Países como Alemanha, Espanha, Portugal e República Checa são fortes apoiadores. A oposição é liderada pela França e pela Polônia, com reservas também na Bélgica e na Áustria. O principal argumento dos opositores, especialmente da França, é o temor de que os produtores agrícolas europeus sofram com a concorrência dos produtos agropecuários sul-americanos.

Para contornar essa resistência, negociadores europeus criaram cláusulas de salvaguarda para o setor agrícola, aprovadas esta semana pelo Comitê de Comércio Internacional da UE. Elas permitem suspender vantagens tarifárias aos produtos do Mercosul caso haja um aumento de 5% no volume dessas exportações em relação ao ano anterior. Estas salvaguardas também serão votadas na próxima semana.

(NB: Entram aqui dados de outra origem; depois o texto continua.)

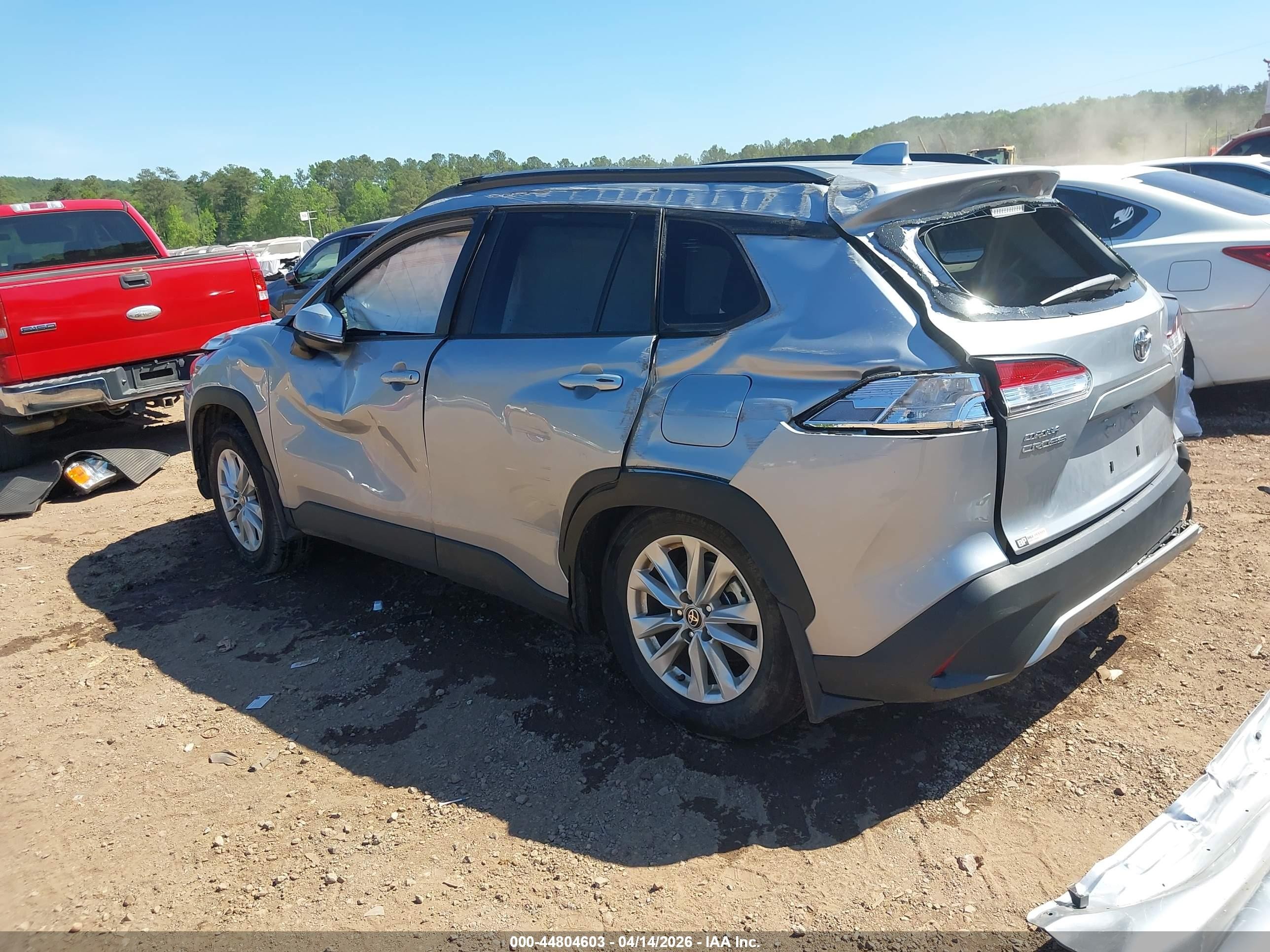 2024 Toyota Corolla Cross Le Silver vin: 7MUCAAAG9RV093127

O “fiel da balança”, segundo diplomatas, é a Itália. Com cerca de 59 milhões de habitantes, é o terceiro país mais populoso da UE. Cálculos indicam que uma negativa italiana, somada às esperadas da França e da Polônia, poderia inviabilizar o acordo, pois os três juntos representam aproximadamente 36% da população europeia. Embora um diplomata italiano tenha sinalizado apoio recentemente, o clima entre os negociadores é de extrema cautela.

Um auxiliar da Presidência da República, em caráter reservado, criticou uma possível rejeição europeia como um sinal de “fragilidade” das lideranças do bloco. Ele argumentou que o acordo fortaleceria o multilateralismo comercial num momento de ataques a esse sistema, citando a postura do ex-presidente norte-americano Donald Trump. A fonte também acusou a UE de aplicar “dois pesos e duas medidas”, preferindo aceitar um acordo “assimétrico” com os EUA a fechar um tratado mais vantajoso com o Mercosul, em referência a um compromisso firmado entre Washington e Bruxelas em agosto.

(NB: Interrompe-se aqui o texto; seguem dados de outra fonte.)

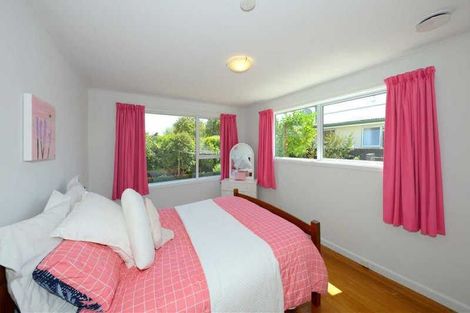Photo of property in 1 Yardley Street, Avonhead, Christchurch, 8042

Diante do risco de fracasso, a alternativa para o Brasil e o Mercosul, na visão do governo, é buscar novas parcerias, especialmente na Ásia. Os números reforçam essa estratégia: em 2025, a China já adquiriu US$ 94 bilhões em produtos brasileiros, mais que o dobro dos US$ 45 bilhões comprados pelos países da União Europeia.